During a retrospective, it was noted that keeping all the meta-data around the config up-to-date is a chore. We have keys that are allowed to be used as env vars in Docker in one file, an allow-list for cloud usage in another file in another repo, and asciidoc documentation in several places, some duplicated between cloud and Kibana docs.

One thought was to try to move some of this configuration so that it could be edited "live", via Advanced Settings (AS).

pros:

• no reboot required to change a setting
• don't need to coordinate config keys across multiple repos / files

cons:

• seems like we would have to support both traditional config and AS, for a long time
• we're not sure yet which settings we would want to allow to be updated this way - is there some chance that none of our current settings would be applicable / reasonable / safe to allow as AS?

I think we'd need to do the following:

• identify what config makes sense to be available in AS; some presumably won't be (for example, preconfigured connectors)
• some new privileges required, or is there already an AS notion of "superuser" editing, for any settings that should be done only by an admin (for example, probably anything in task manager config)
• would we want per-space AS config - doesn't seem like it, but maybe something like enabledActionTypes would make sense, to prevent some connectors from being used in some spaces

[elasticmachine]

Pinging @elastic/response-ops (Team:ResponseOps)

[mikecote]

Linking with #137303.

[pmuellr]

One thing I didn't realize when originally creating this issue, is that Advanced Settings / uiSettings only supports space-specific settings.
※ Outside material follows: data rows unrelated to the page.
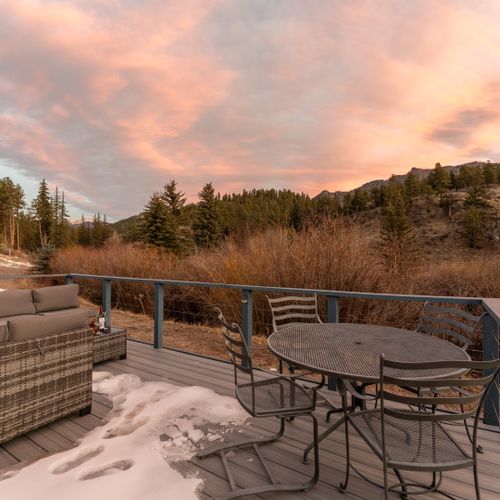 Step out onto the deck and take in serene views of the trees and the nearby river, just a short walk away.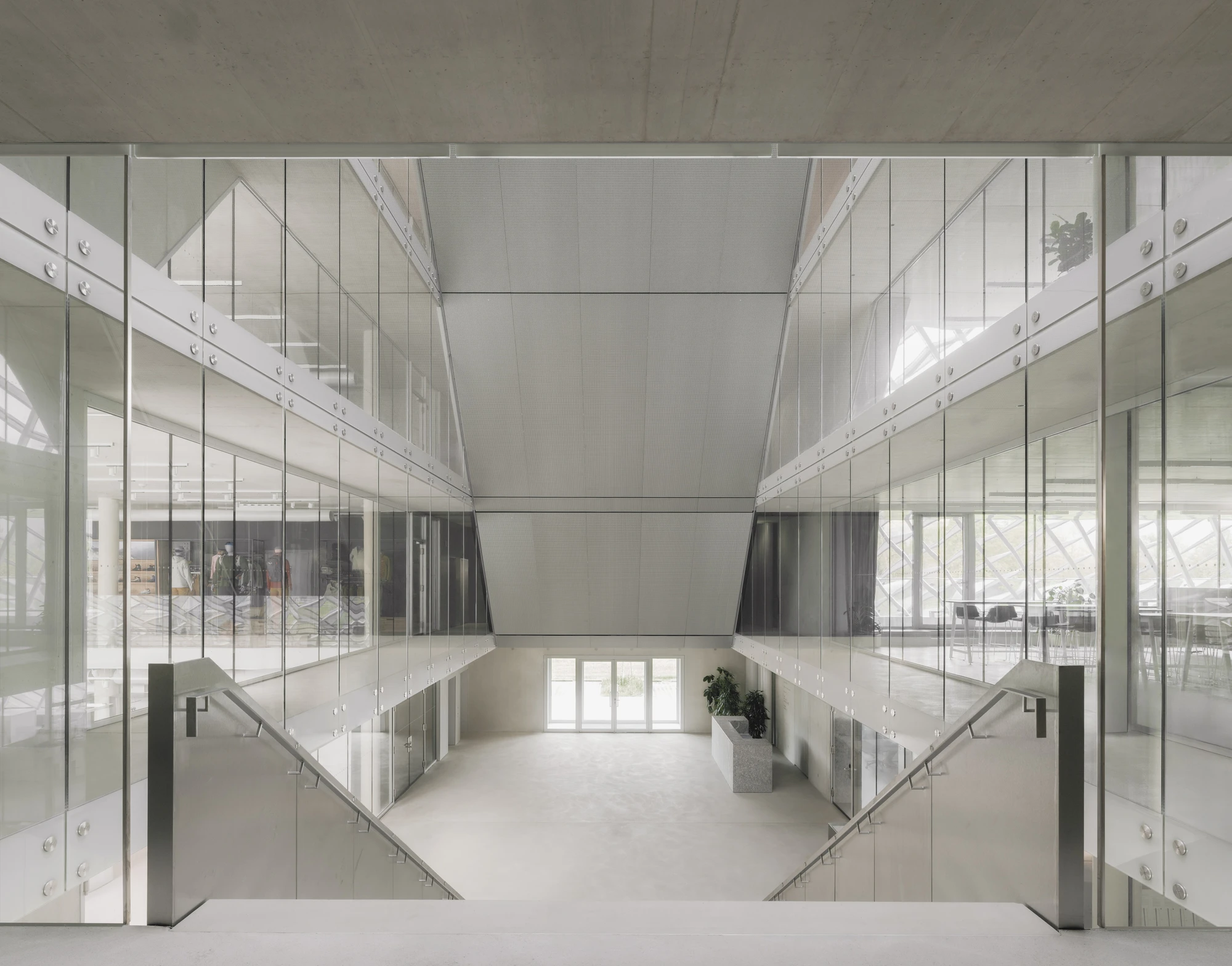 Dynafit Headquarters Speedfactory by Barozzi Veiga in Kiefersfelden Germany, twin pyramidal corporate building with diagonal metal lattice facade set against alpine landscape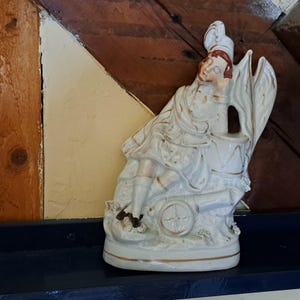 Op de afbeelding: Een wit keramiek beeldje van een persoon die op een kanon zit. Het beeldje is geschilderd met gouden accenten en heeft een witte hoed. Het beeldje staat op een plank.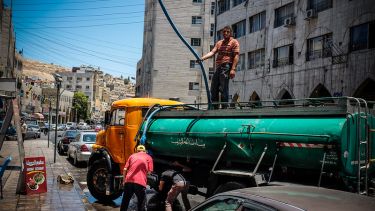 A tanker delivers drinking water to city residents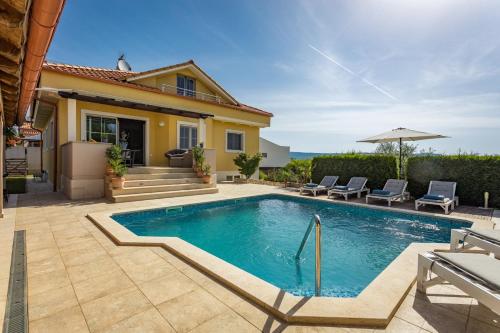 Villa Krase kids friendly for 10 persons in Rakalj with sauna fitness & playground — 4-Star Luxury Hotel in Marcana, Croatia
So, this became a non-starter.

Since then, support for global settings has been added; here's one of the referenced PRs around it: #147229. So, seems do-able again ...

[pmuellr]

It's been a while since we looked / thought about this one, so I'm going to set it up for triage again, especially since now it might be possible to implement (where it wasn't before, with space-specific advanced settings).